Records shown START

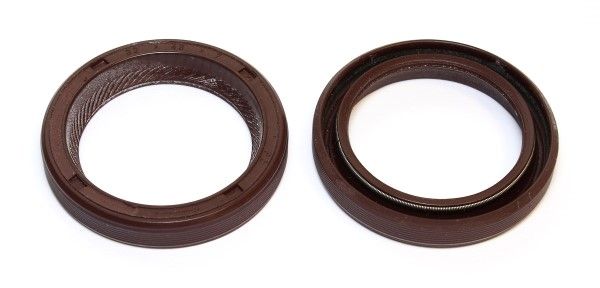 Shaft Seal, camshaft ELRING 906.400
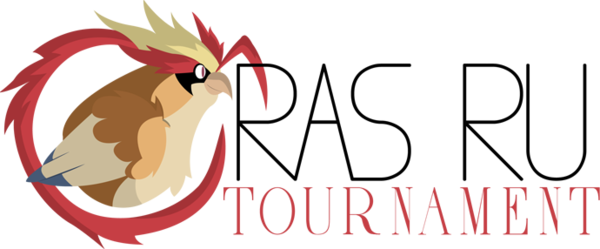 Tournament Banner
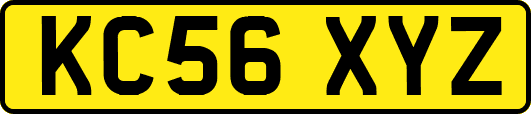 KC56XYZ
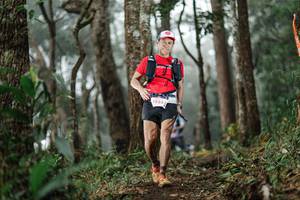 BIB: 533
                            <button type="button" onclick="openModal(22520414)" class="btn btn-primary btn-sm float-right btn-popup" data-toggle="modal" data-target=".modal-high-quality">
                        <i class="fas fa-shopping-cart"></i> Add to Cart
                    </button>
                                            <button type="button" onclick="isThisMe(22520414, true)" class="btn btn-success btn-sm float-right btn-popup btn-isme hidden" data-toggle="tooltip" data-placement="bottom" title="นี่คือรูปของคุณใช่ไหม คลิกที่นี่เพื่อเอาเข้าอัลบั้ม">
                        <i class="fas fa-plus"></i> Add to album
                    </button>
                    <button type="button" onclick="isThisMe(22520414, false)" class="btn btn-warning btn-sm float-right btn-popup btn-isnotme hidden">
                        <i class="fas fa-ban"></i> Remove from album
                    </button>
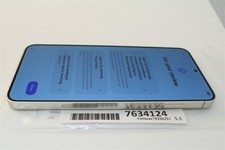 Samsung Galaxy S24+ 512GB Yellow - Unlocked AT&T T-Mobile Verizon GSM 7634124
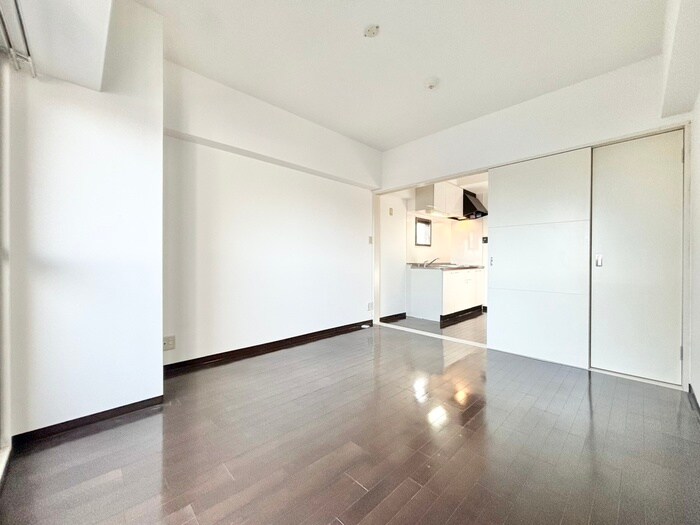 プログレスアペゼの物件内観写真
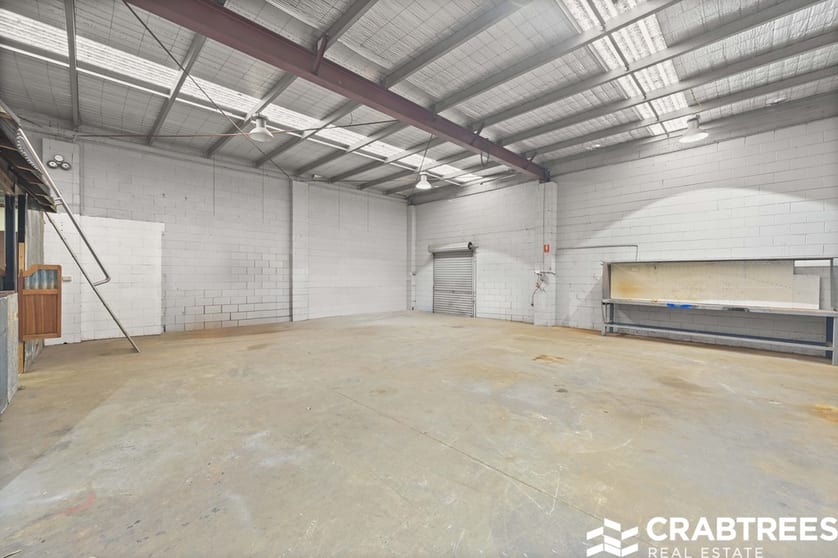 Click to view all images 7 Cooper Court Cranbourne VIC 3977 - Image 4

Records shown END

Whenever the word "album" shows up in a line above, copy that line.

Answer to this problem:
                        <i class="fas fa-plus"></i> Add to album
                        <i class="fas fa-ban"></i> Remove from album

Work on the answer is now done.